Segment Start: RECORDS SUPPLIED

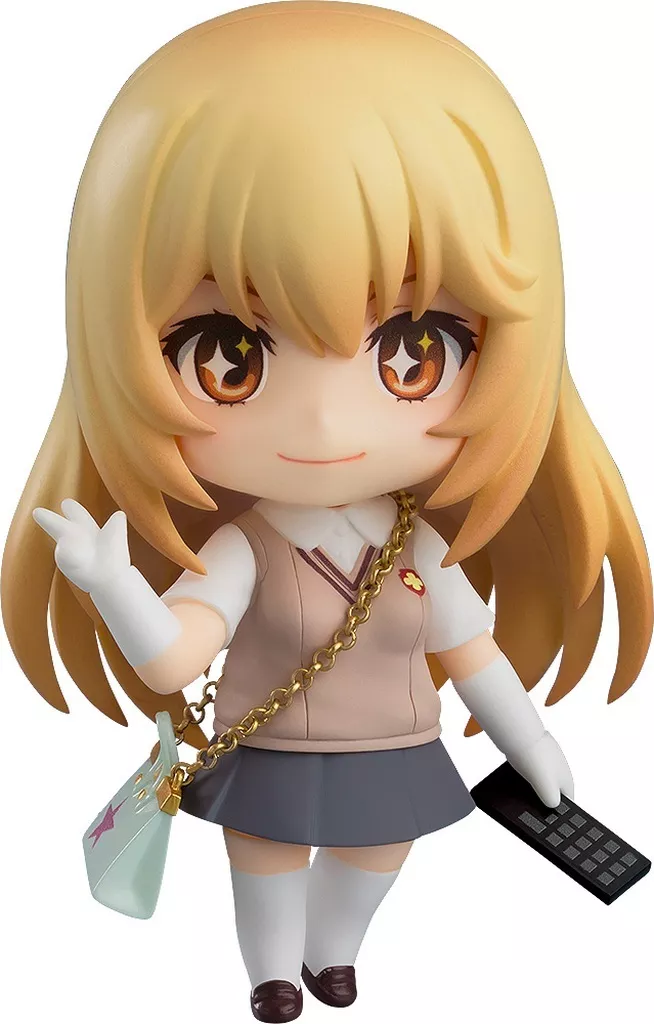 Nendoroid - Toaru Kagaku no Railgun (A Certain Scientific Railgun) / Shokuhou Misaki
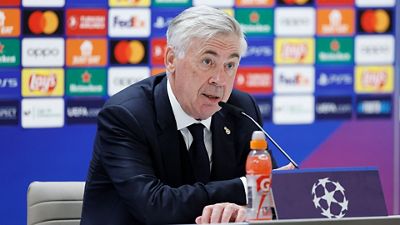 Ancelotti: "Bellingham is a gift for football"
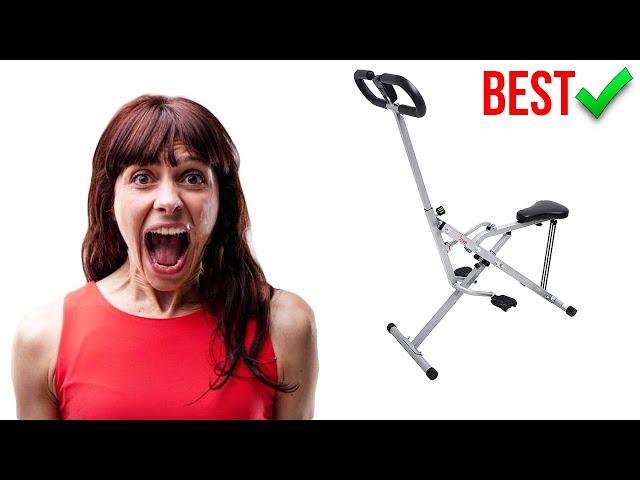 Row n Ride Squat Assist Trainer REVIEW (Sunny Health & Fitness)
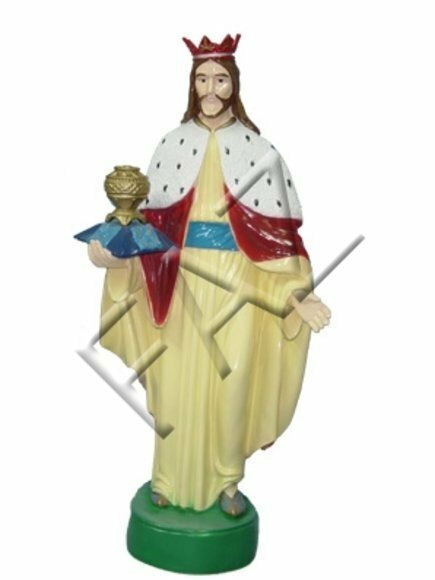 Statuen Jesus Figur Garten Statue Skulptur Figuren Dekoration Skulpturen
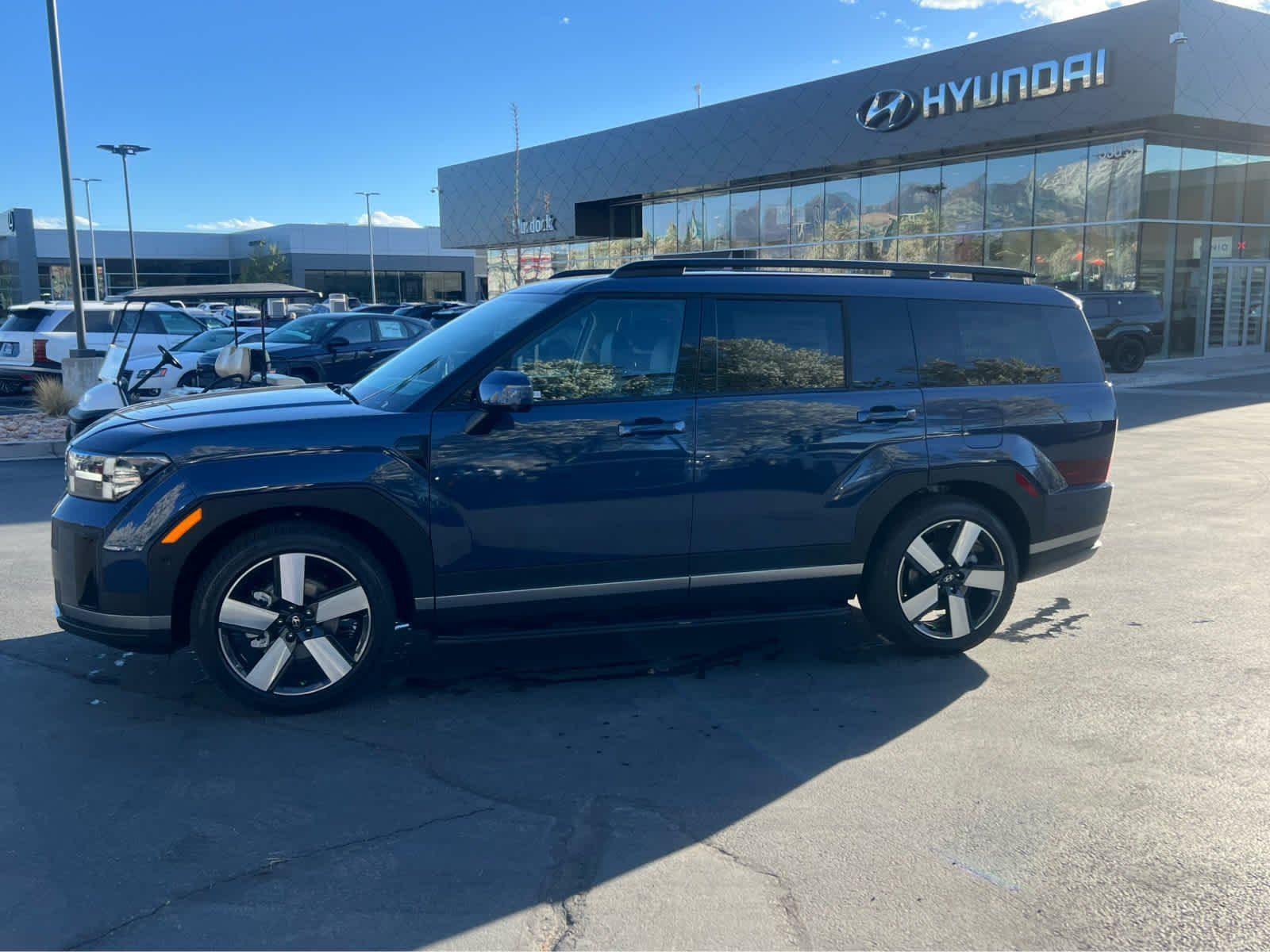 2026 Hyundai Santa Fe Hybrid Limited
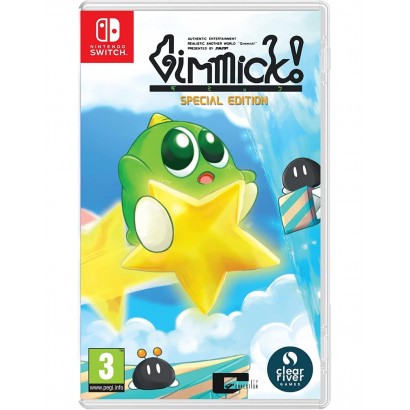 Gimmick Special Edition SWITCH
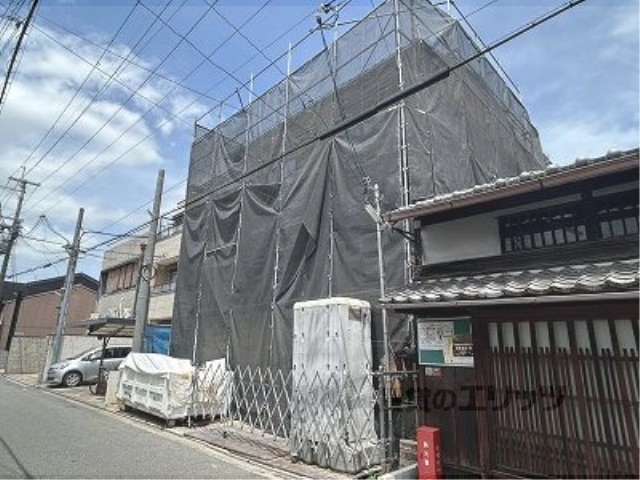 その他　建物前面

Segment End: RECORDS SUPPLIED

Drop the images and quote the entries word for word.

 Nendoroid - Toaru Kagaku no Railgun (A Certain Scientific Railgun) / Shokuhou Misaki
 Ancelotti: "Bellingham is a gift for football"
 Row n Ride Squat Assist Trainer REVIEW (Sunny Health & Fitness)
 Statuen Jesus Figur Garten Statue Skulptur Figuren Dekoration Skulpturen
 2026 Hyundai Santa Fe Hybrid Limited
 Gimmick Special Edition SWITCH
 その他　建物前面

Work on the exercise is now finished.